An other option to control the height is ‚SUPERCROPPING‘ the plants. Here is how we ‚supercrop‘ a plant:
Appr. 15-20 cm from the top of the plant, right above an internode, we take the main stem between two fingers and press very hard until we can feel the fibers inside the stem brake. By slowly pressing all around the diameter of the stem we create a weak spot at which we bend over the stem, so it looks 90-180 degrees downward. We do this very carefully to not brake the outer skin of the stem while we bend the stem downwards. Even if some fibres brake, the stem will repair itself within a few days to a week and then start to point upwards again. During the time the main stem needs to repair itself, all other side-stems will grow more upwards and this makes the plant bush out more. At the same time a supercropped plant will produce bigger buds at harvest time, than a plant where you did not do that. Somehow the plant reacts to being hurt by getting stronger and producing more. We also do not loose the main head-bud this way, since the top of the main branch can continue to grow and will develop lots of bud later in flowering.
Do NOT let your soil dry out too far: —> dont let your plants hang ;)
Cannabis is a very hardy plant and can endure a lot of stress without being affected. She can grow in very dry conditions (e.g in Nepal in the mountains of the Himalaya) and also in very humid and wet conditions (e.g. in India at sea-level). Indoors it is best to water the growing medium (e.g. soil) on a regular basis and make the soil good wet, so the pot feels heavy when you lift it. Then you should let the soil dry up until the pot feels light when you lift it and then water again. This will ensure your roots will develop properly and can get enough oxygen as well. Be careful and do not let the soil get too dry! After a while of drying up, the soil will start to shrink. You can see this at the edge of the soil next to the wall of the pot, if there is a small gap your soil has dried out too far and started to shrink in. A sure sign that your soil has dried out much too far, is your plant hanging. When the plant starts to let her leaves hang down and later even the sidebranches get limp and start to hang, then you know for sure your soil is too dry. This should be avoided at all cost.

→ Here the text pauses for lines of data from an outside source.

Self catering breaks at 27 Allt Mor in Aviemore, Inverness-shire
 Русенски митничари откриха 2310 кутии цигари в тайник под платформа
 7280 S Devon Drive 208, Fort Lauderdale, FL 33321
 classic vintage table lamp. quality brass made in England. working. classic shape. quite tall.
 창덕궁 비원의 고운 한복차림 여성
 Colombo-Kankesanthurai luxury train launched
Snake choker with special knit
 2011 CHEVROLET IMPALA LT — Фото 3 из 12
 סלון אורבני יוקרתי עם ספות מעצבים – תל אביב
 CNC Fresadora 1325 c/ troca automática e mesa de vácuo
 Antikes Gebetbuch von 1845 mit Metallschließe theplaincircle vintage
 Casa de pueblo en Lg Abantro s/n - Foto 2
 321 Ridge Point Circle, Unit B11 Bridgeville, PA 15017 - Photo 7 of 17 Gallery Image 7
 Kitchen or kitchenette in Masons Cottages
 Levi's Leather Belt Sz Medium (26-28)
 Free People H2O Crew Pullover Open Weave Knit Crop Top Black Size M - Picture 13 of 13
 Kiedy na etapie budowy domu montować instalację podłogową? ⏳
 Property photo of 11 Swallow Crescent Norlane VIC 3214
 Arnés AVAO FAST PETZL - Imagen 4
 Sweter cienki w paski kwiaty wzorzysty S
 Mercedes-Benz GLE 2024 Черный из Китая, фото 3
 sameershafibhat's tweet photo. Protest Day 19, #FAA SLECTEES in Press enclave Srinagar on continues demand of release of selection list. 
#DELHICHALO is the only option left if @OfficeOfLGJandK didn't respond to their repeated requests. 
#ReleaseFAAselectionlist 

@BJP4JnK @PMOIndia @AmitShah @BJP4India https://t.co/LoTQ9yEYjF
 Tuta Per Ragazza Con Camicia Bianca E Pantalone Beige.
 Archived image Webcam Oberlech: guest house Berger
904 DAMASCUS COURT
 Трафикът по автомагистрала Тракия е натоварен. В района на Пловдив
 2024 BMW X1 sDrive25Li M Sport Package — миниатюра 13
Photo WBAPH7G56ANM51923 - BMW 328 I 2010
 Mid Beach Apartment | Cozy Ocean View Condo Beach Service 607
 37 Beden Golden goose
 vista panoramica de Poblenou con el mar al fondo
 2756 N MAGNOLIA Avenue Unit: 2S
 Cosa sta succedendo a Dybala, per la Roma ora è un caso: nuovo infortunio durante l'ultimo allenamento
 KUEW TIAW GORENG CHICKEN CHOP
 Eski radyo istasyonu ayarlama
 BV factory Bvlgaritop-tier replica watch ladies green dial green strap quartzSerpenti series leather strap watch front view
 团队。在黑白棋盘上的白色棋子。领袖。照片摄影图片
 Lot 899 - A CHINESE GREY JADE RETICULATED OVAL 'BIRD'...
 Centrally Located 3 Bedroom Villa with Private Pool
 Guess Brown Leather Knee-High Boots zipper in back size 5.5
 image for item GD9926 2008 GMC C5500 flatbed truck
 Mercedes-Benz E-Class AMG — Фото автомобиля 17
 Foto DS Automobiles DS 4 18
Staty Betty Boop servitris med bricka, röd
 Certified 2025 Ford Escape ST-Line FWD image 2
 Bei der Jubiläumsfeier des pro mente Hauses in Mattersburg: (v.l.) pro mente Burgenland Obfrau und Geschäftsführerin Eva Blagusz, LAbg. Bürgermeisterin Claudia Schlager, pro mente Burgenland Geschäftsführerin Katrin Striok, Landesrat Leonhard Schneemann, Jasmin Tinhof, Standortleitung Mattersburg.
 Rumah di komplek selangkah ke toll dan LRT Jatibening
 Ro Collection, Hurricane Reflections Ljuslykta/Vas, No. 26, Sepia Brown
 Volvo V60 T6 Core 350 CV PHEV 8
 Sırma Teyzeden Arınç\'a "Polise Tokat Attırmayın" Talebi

When this happens you simply have to carefully water the plant right away. First a little bit, so the soil starts to take up water again, and then more. The plant will restore herself even from this state of wilting, when you water her carefully, she will lift the branches and leaves up again and continue to grow, but she will have suffered a lot and sometimes develop less buds later in flowering. Therefore it is best to keep an eye on the soil and water again on time before the soil gets too dry.
We hope our tips will help you to grow your SSSC-seeds to the max and we will continue with the switch to flowering in our following article.